Tuesday, February 22, 2005

Independent game industry business models

Small game development companies are trying to find ways to cut down the cost of producing games. One popular method is direct online sales, right from the company’s website. This approach is somewhat limited by the modest visibility of the game. As a result, company has much higher margin from direct sales, the sales volume fall far behind typical retail sales distribution.

As I see it, there are basically three ways to work around this problem:

Shareware model
Micropayment model
Service model

The first approach is based on the good old shareware model. In this model, game is finished and shipped via network and people can try it out quite freely. These games have extra features or time limitations, which cut the playing experience short. At this point, if the player wants to have more he has to pull out a credit card or other kind of method of payment. Company gets decent exposure for the game but risks sales with too high prices and suffers from high advance development costs.

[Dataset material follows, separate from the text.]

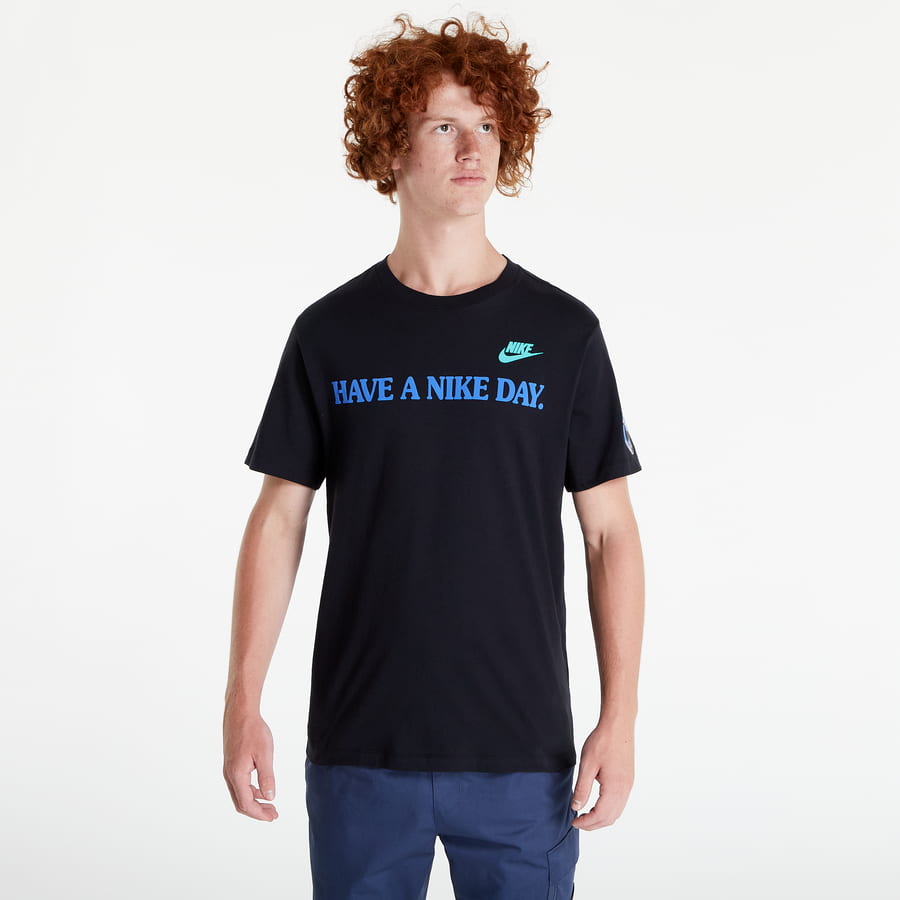 Тениска Nike Sportswear Have A Nice Day Lifestyle T-Shirt Черно | DM6397-010, 0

Other companies, which follow the second approach, believe that getting people to upgrade or order the real version is possible but difficult if the requested fee is high. They rely on micropayments that must be paid if one desires to advance in the game. These games are often simple and static. They run with straightforward logic and have cycles and to complete one must pay. Casual games, casino games and other money or classic games fit into this group very nicely. Once again, retail level is cut off and customers are served directly. The only problem here is that the whole micropayment business model hasn’t really kicked off. It seems to be all too difficult to agree on common method of doing this and now different technologies are competing and spreading on the market place. At this time, it seems like the companies, which are doing most of the money are actually those, which offer the billing technology for micropayments. For so long micropayment has been popping up here and there, it sure has potential, but when it becomes reality...

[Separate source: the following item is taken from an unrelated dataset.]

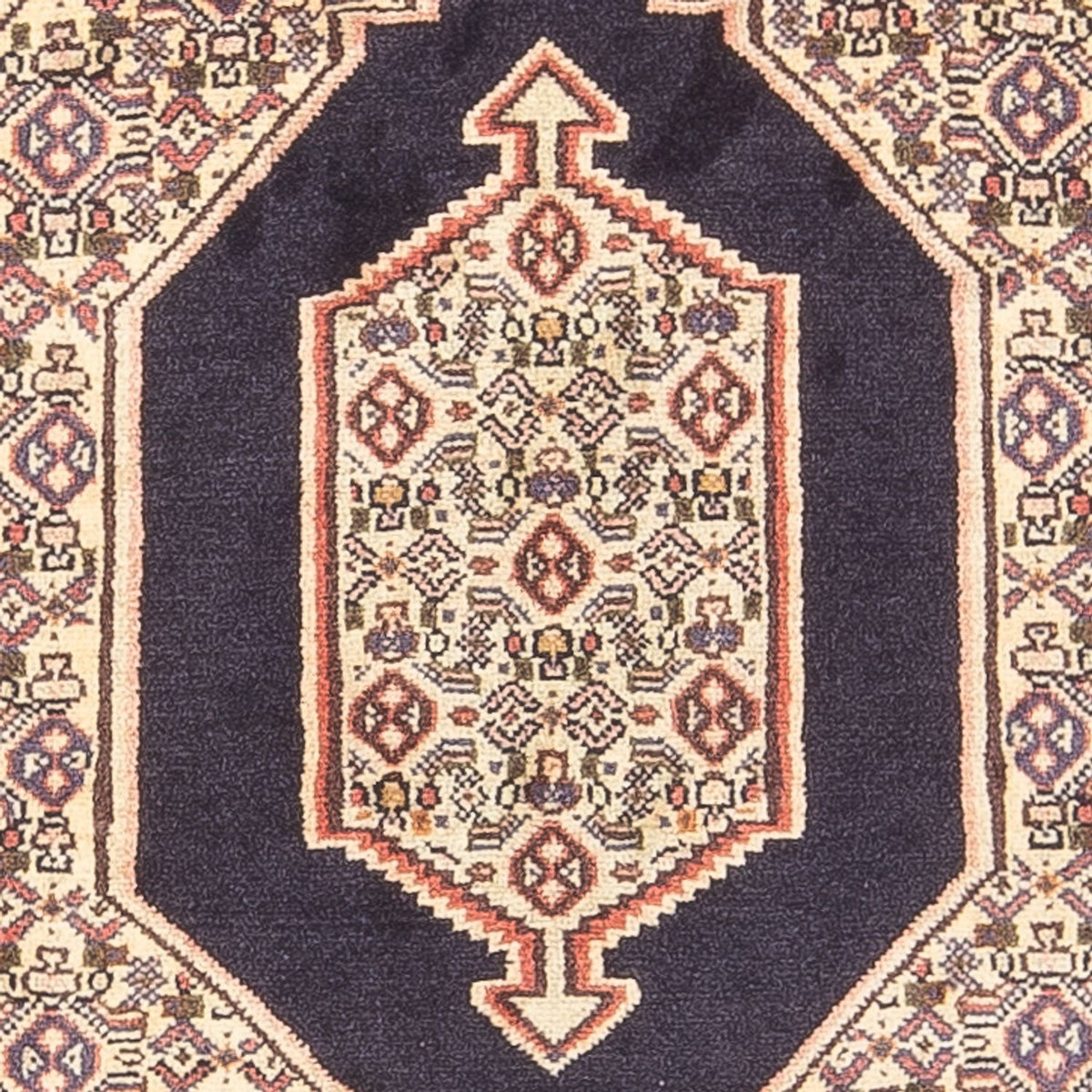 Persisk tæppe - Classic - 112 x 74 cm - mørkeblå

Personal memory takes me back twenty years to the time of C64. At that time I was engaged in an exhausting fight to get one for myself. I was on the other side and my parents on the other. They thought that C64 was waste of time and money, so I spent my pocket money on arcade games. Without a doubt by the time I finally got myself a C64, I had blown away enough money to buy two of them. Just to get the record straight, this took a year or two. I repeat, the potential for micropayments is there.

Third approach offers the game as a service. After the player has been lured into playing the game, it is just a question of making the game so interesting that people keep on playing and paying. Laser Squad Nemesis is one example of such a game. Game’s developers started from humble beginning, but they have been constantly improving the game and now it is packed with features. Players like it and compete against each other, and in the end a community forms around the game service. No retail in between.